The metal-carbide composite coating forming tool of the present invention has both excellent high-temperature wear resistance and thermal shock resistance as described above, and particularly when niobium carbide is used as the carbide, particularly excellent performance can be obtained. And has an excellent tool life.

[0024]

【Example】

Example 1 For a plug used in a plug mill, using S45C steel as a base material, in addition to a metal-niobium carbide mixed powder having various contents of niobium carbide on its surface, a metal-tungsten carbide mixed powder, a metal-titanium The carbide mixed powder, the metal-vanadium carbide mixed powder, and the metal-chromium carbide mixed powder were overlay welded by the plasma powder overlay method. The metal powder used at that time was SUS30.
It was 4 stainless steel powder, and the build-up thickness was about 2 mm. The surface of each plug was finished by cutting.

The results of plug mill rolling of carbon steel blanks using these plugs are 1.0
Evaluation was made by the life ratio based on the life of a plug made of ~ 1.5% C-17% Cr-2% W steel. The results are shown in Table 2. The dimensions and temperatures of the blank tube are as shown in Table 1.

As a result of this rolling test, a plug having a carbide grain size and a carbide content in the coating within the range of the present invention was
Both had excellent wear resistance and heat crack resistance, and exhibited a life of 2.3 to 3.7 times that of conventional plugs. On the other hand, in the case where the carbide grain size and the carbide content were out of the range of the present invention and the conventional plug, extremely large abrasion was caused or deep cracks were generated, and the life was early.

[0027]

[Table 1]

[0028]

[Table 2]

[0029]

As described above, the composite coating forming tool for hot working of the present invention has excellent high temperature wear resistance and thermal shock resistance together, and in particular, when niobium carbide is used as the carbide, Excellent performance is obtained and excellent tool life. Therefore, especially when applied to a plug mill for plug mills when manufacturing hot seamless pipes, the life of the plugs can be significantly extended, pipe manufacturing costs can be reduced, and the product inner surface quality and dimensional accuracy are excellent. It is possible to obtain a great product, which is very effective. Further, the present invention is not only a plug mill for a plug mill, but also a piercer plug, a mandrel bar for a mandrel mill, a guide shoe, a roll, a pipe end upset processing die and a mandrel,
Not only various hot tools such as rolls for rolling hot-rolled steel sheets, shaped steel, bar steel, and wire rods, but also applicable to hot-roll material transfer rolls and hot-sliding members such as guides. .

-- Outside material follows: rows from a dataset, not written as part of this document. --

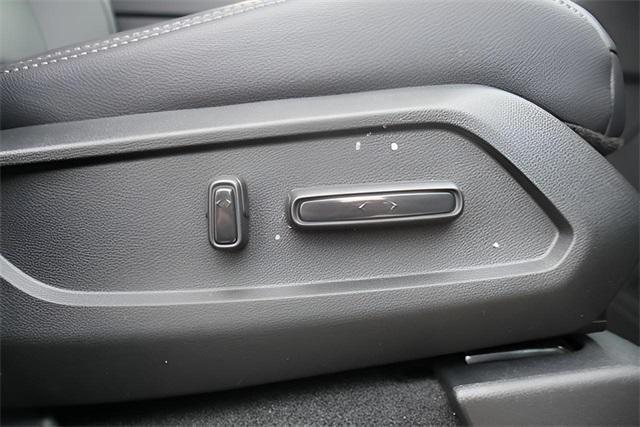 new 2025 Honda Pilot car, priced at $47,235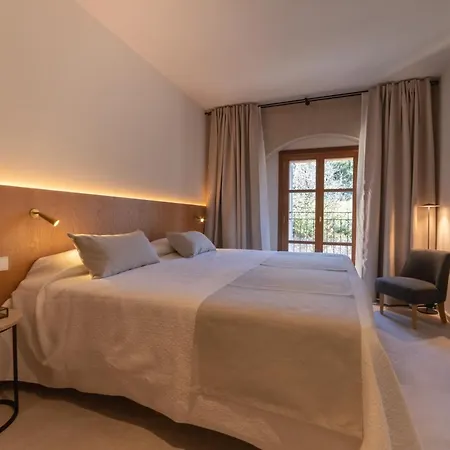Nema Boutique & 4*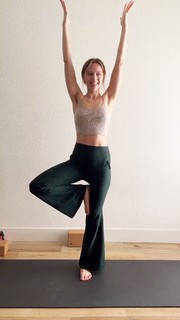 Anna Lore feet photo 10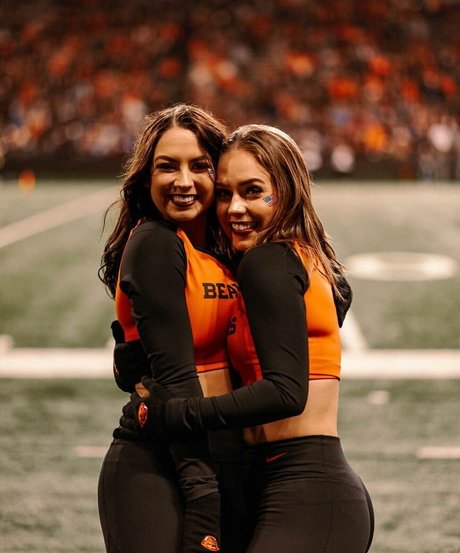 Taylor Johnson Cheer perfekte akt galerie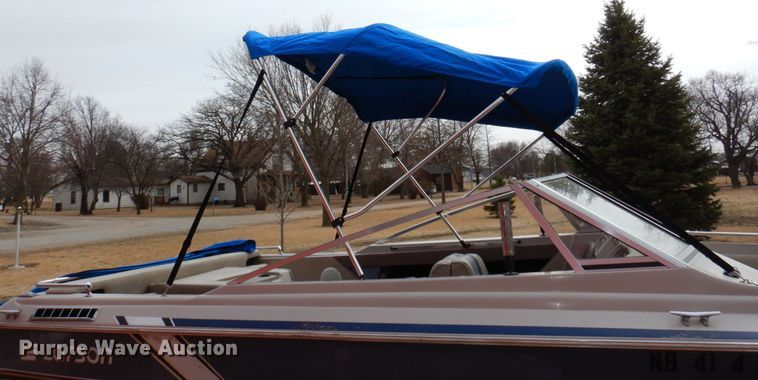 image for item JJ9295 1986 Larson  boat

[Brief description of drawings]

FIG. 1 is a diagram showing a relationship between an average grain size of carbides in a metal-carbide composite coating and wear characteristics in the present invention.

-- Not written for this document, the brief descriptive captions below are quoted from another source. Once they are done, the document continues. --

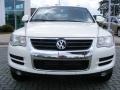 Campanella White - Touareg 2 TDI Photo No. 8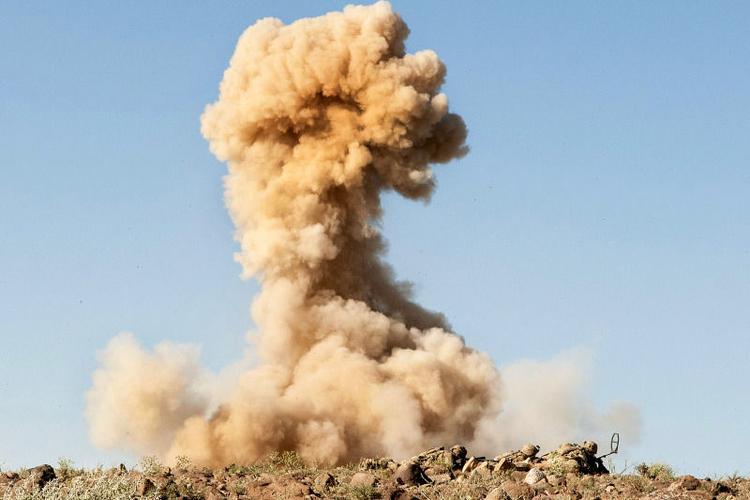 美军拆弹员引爆一枚简易爆炸装置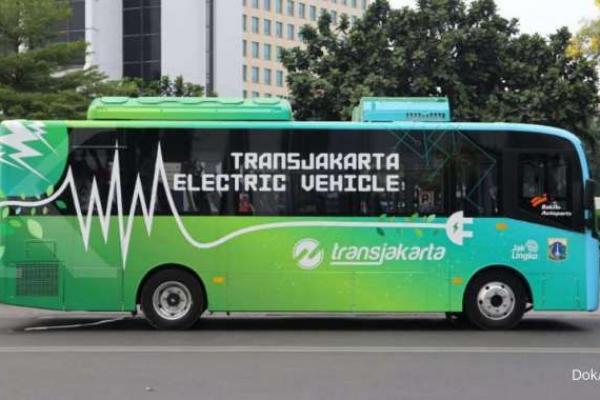 Transjakarta Luncurkan 30 Bus Listrik untuk Beroperasi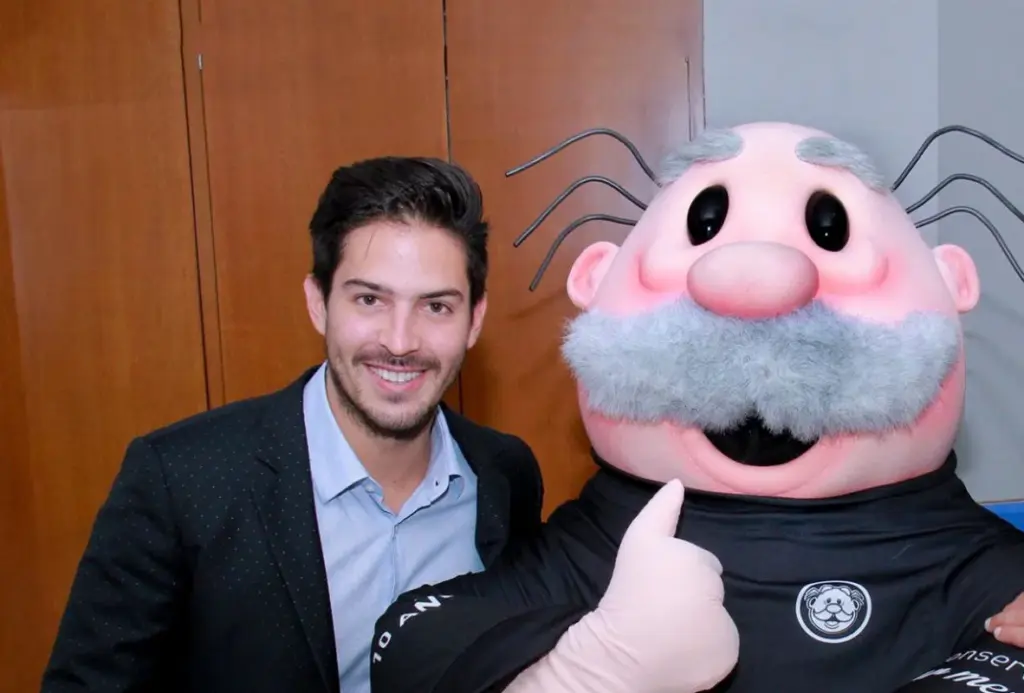 Víctor González Herrera impulsa emprendimiento responsable en Shark Tank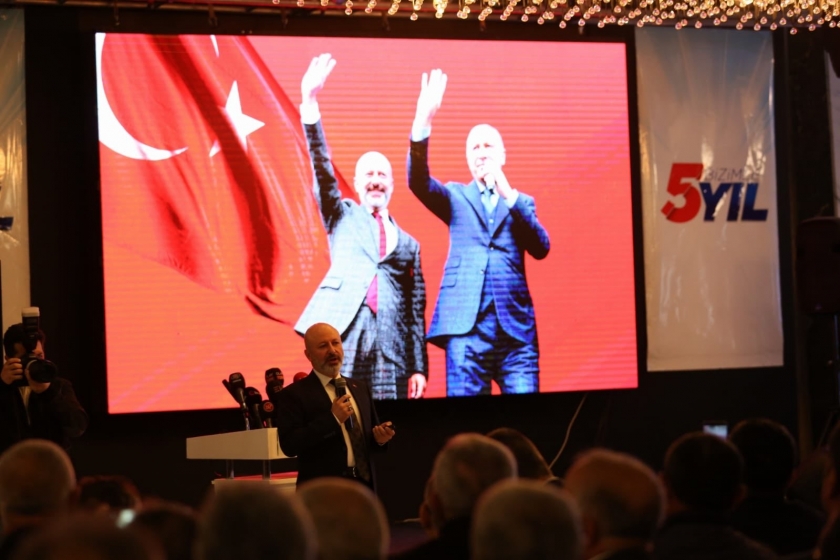 BAŞKAN ÇOLAKBAYRAKDAR; "5 YILDA KOCASİNAN’I HER ALANDA HİZMETİN MERKEZİ KONUMUNA GETİRDİK"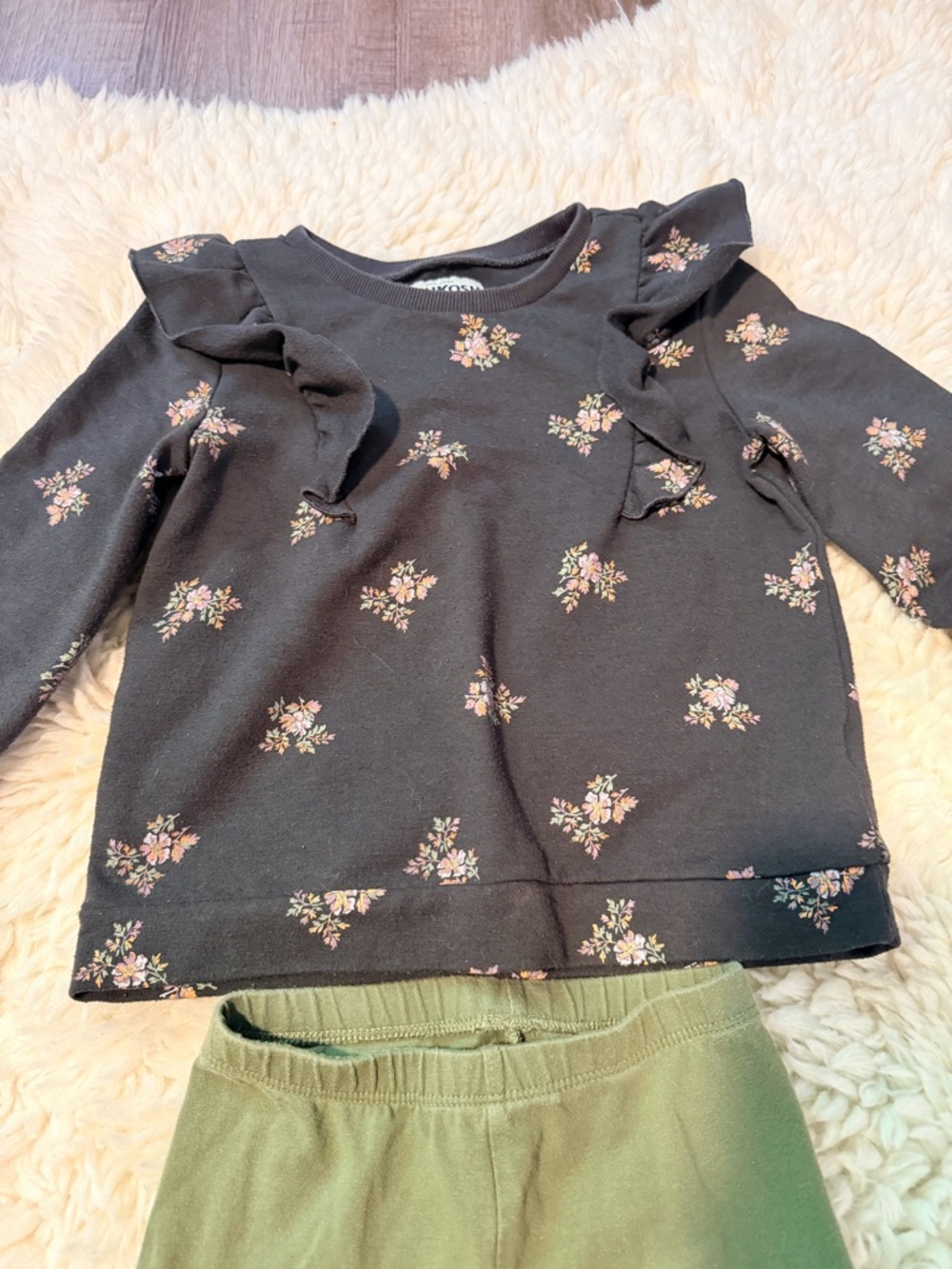 OshKosh B'gosh Black Floral Ruffle Top with Olive Green Leggings Set - Picture 3 of 6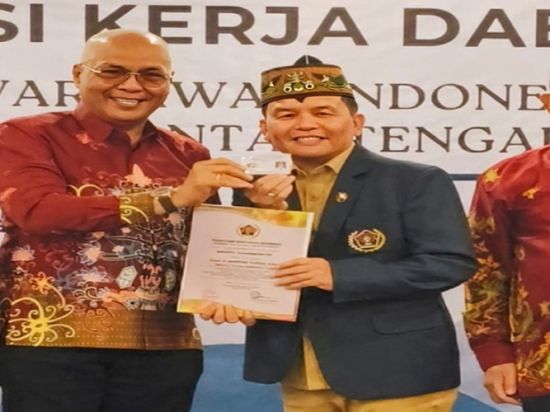 Gubernur Kalteng Dianugrahi Anggota Kehormatan PWI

FIG. 2 is a view showing the relationship between the average grain size of carbide in the metal-carbide composite coating and the thermal cracking property.

Claims (2)

[Claims] 1. An average particle size of 65 to 135 μm on the surface of the base material.
A composite coating forming tool for hot working, wherein a metal-carbide composite coating containing 20 to 50% by volume of carbide particles of m is formed. 2. The composite coating forming tool for hot working according to claim 1, wherein the carbide particles in the metal-carbide composite coating are niobium carbide.